Henry Ernest Dudeney/Puzzles and Curious Problems/177 - Square of Squares/Solution

Puzzles and Curious Problems by Henry Ernest Dudeney: $177$

Square of Squares

Cutting only along the lines, what is the smallest number of square pieces into which the diagram can be dissected?

The largest number possible is, of course, $169$, where all the pieces will be of the same size -- one cell -- but we want the smallest number.

We might cut away the border on two sides, leaving one square $12 \times 12$, and cutting the remainder into $25$ little squares, making $25$ in all.

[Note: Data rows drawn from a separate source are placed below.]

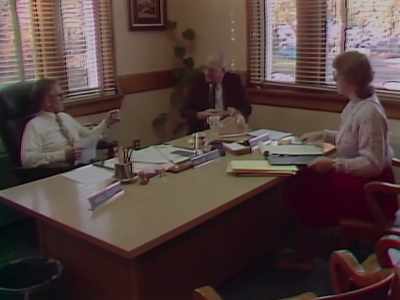 Officials here share a sigh of relief - Wild Wild Country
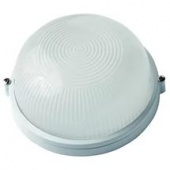 Стекло НПП-60w круглое (LNPP0D-PL-1100) IEK Запасные стекла - Лампа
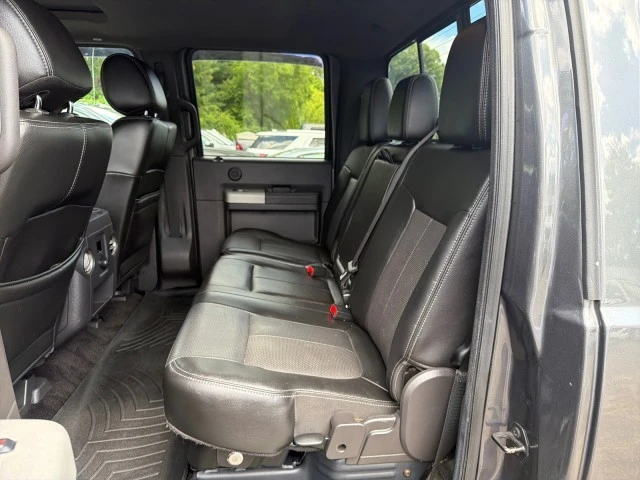 2015 Ford Super Duty 3rd Gen - Image 20 of 31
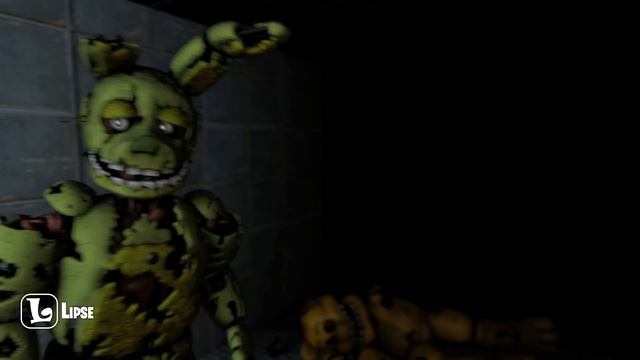 Episodio 11 || Nuevo Hogar - Five Nights At Freddy's смотреть онлайн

This is better than $169$, but considerably more than the fewest possible.

Solution

The fewest pieces must be $11$, and the solution (barring reflection of the section with the $8$ smaller squares) is unique.

Historical Note

This puzzle also appears in Dudeney's $1917$ collection Amusements in Mathematics, under the title $173$ - Mrs. Perkins's Quilt.

The problem had previously appeared in $1907$ in the first issue of Our Puzzle Magazine, edited by Sam Loyd.

This was later published in Loyd's pusthumous collection Cyclopedia of Puzzles.

If Loyd stole it from Dudeney, then Dudeney must have published it somewhere before $1907$.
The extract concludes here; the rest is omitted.